One "exception" to this rule is conflict errors raised when using Zope sessions. It's not actually an exception to the rule, but programmers are shielded from the fact that sessions store data in ZODB when you use the session API (e.g. REQUEST.SESSION). The sessioning machinery needs to manage housekeeping info whenever the API is used to expire old sessions and create new ones, so although it may not "look" like you are writing to the ZODB when you use sessions (even to read data out of them), you potentially are.
Zope 2.8 has a ZODB that support multiversion concurrency control, which eliminates a certain class of conflict errors (read conflict errors), so if you are getting a lot of these, and you can get away with using 2.8, I'd suggest doing so.
The problem I am trying to resolve appears to be load related. The observed symptom is that (some) session variables spontaneously disappear. There appears to be some connection to conflicts, but the exact mechanism and the relationship is not yet clear. BTW, when I first began trying to resolve this problem, we were running Zope 2.7.6. We moved to Zope 2.8,4 to take advantage of the later ZODB. That move was a good one, but it has cause some migration pain. The session problem has been with us forever, at least since Zope 2.5.0. They are Heisenbugs and appear apparently randomly. Detailed logs should help some, but so far have not brought joy. So, I've been looking through the code trying to find places where some infrequent event could cause the problem. Chris pointed out that session variables can cause conflict errors (both read-read and read-write) when the session API is used. I've been trying to explore that interface and have not yet found all the pieces.
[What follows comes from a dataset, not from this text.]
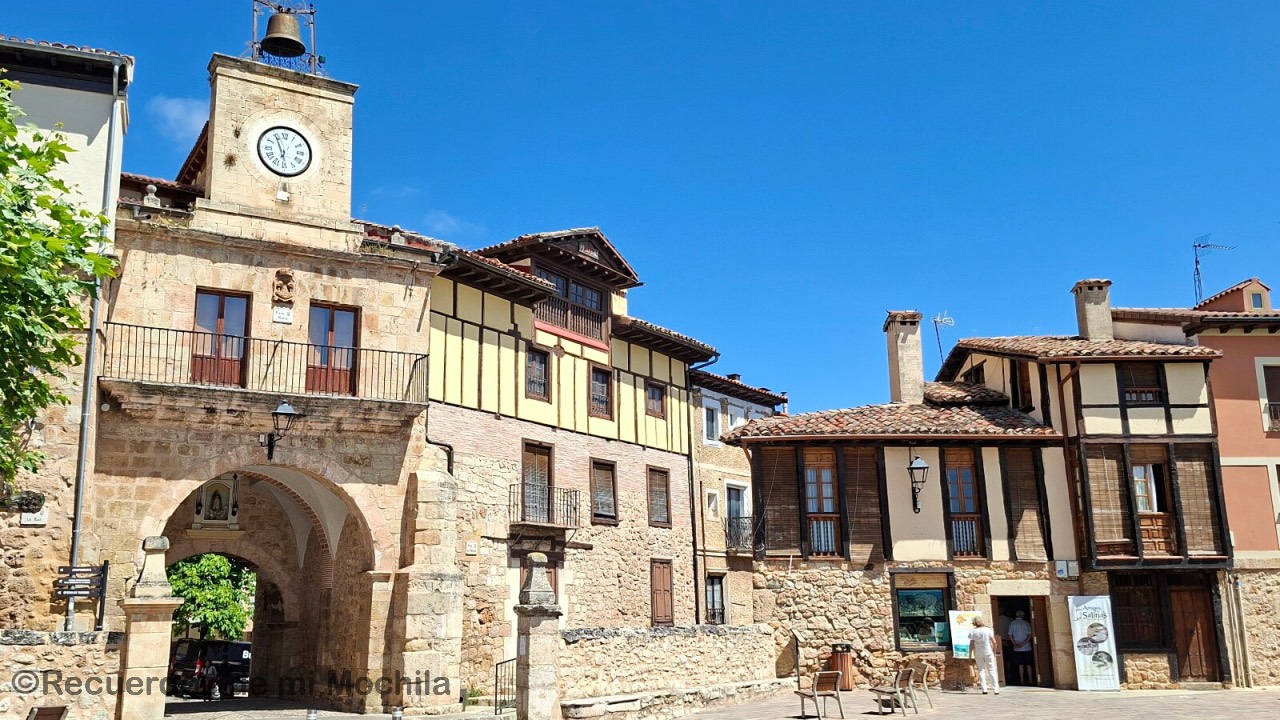 Poza de la Sal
Some hints to the reader would help. I see where HTTPRequest manages the Zope user interface to the session variables which includes a mechanism for lazy access--the dictionary _lazies provides a list of callables. When a variable is accessed, it is promoted to Request by executing the callable and storing the value. The _lazies entry corresponding to the session variable is deleted. What I have not been able to find is where this is maintained in a persistent fashion. Can someone provide a pointer?
On Dec 8, 2005, at 9:29 PM, Dennis Allison wrote:
On Fri, 14 Oct 2005, Chris McDonough wrote:
The problem I am trying to resolve appears to be load related. The observed symptom is that (some) session variables spontaneously disappear. There appears to be some connection to conflicts, but the exact mechanism and the relationship is not yet clear.
It's hard to know what's happening here, obviously.
So, I've been looking through the code trying to find places where some infrequent event could cause the problem.
Chris pointed out that session variables can cause conflict errors (both read-read and read-write) when the session API is used. I've been trying to explore that interface and have not yet found all the pieces. Some hints to the reader would help.
If you mean the session API, that's defined in modules within Products/Sessions and Products/Transience.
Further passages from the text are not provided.